5 Best Sets of 4Knots Music Festival 2014
Dinosaur Jr at 4Knots 2014 by Rob Menzer for the Village Voice
New York City -- 4Knots Music Festival is not like other music festivals. It’s a free, open to the public, all-ages festival that ends before nightfall and has pens built exclusively to contain those who wish to partake in the classic music festival pastime known as day drinking. This meant 4Knots had a lot more children and people walking/carrying their dogs than one might expect to see at such an event, unless you and your hipster dog are frequent attendees of Dogchella and Bonnawoof (note: these are not real things, but they definitely totally should be).
Even with the more family-friendly elements, what makes or breaks a music festival is the quality of bands, and 4Knots had a full supply of high-caliber music. These were our 5 favorite sets from the 4Knots Music Festival:
5. Mac DeMarco
I will admit that, when listening to his albums, I wasn’t really feeling Mac DeMarco’s vibe. His stuff sounded pleasant enough, but I never felt like I was on his wavelength. When I saw Mac’s set at 4Knots, though, I totally got what he was going for.
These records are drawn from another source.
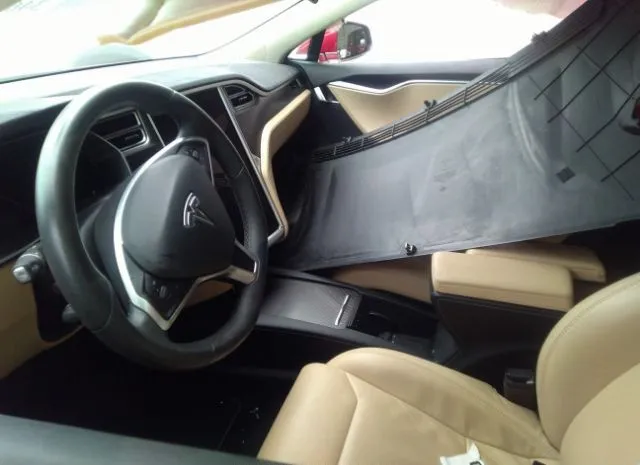 Photo 4 VIN: 5YJSA1E24HF198682 - TESLA MODEL S 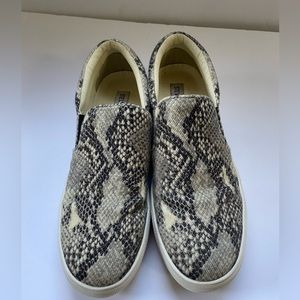 Steve Madden snake skin print slip on shoes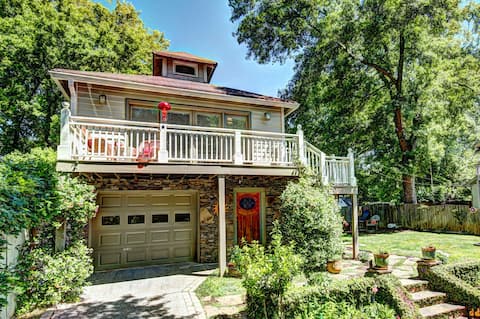Bright and airy carriage house studio apartment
He took the stage just as the sun started its long descent down, and the atmosphere couldn’t have been more perfect for Mac’s style. Here, his laid-back demeanor actually helped enhance his performance, especially on songs like the synth-heavy “Chamber of Reflection.” Mac’s chill set was matched by an equally chill setting, maximizing all levels of chill.
4. Dinosaur Jr.
Dinosaur Jr. are indie rock royalty, and J Mascis is the Grand Wizard. His long, Saruman-like hair and beard make him quite recognizable, but it’s his guitar playing that truly sets him apart. His signature distorted solos whipped the crowd up into a frenzy, resulting in mosh pits, crowd surfers, and one guy making it rain playing cards like he was indie rock’s answer to David Blaine. Between all the solos, the highlight of Dinosaur Jr.’s set were the cheerful “woo-hoos” during their now 20-year-old classic “Feel The Pain.”
3. Speedy Ortiz
Speedy Ortiz set the tone for Dinosaur Jr.’s headlining set with their own take on the 90s indie rock scene. Led by frontwoman Sadie Dupuis, Speedy brought the hammer down with a much heavier sound than I was expecting. On record, Sadie’s sweet voice provides an interesting contrast to the band’s distorted instrumentation, but live, she trades sweetness for fierceness. Each song had a sharp edge to them, letting you know that even though they wear their influences on their sleeve, Speedy Ortiz is a wholly unique band with a lot to say.
2. Those Darlins
On a general level, Nashville’s Those Darlins sound like a southern-fried version of The Runaways. They definitely slip into the southern rock genre comfortably, but there’s a certain punk energy to their sound that gives the band a distinct personality. In between rocking the hell out of songs like “Night Jogger” and “In The Wilderness,” the band also showed their tender side with a cover of Bob Dylan’s “The Man In Me,” aka that song at the beginning of The Big Lebowski. Those Darlins closed their set in a big way with a passionate rendition of “That Man,” highlighted by Jessi Zazu’s heart-wrenching vocals.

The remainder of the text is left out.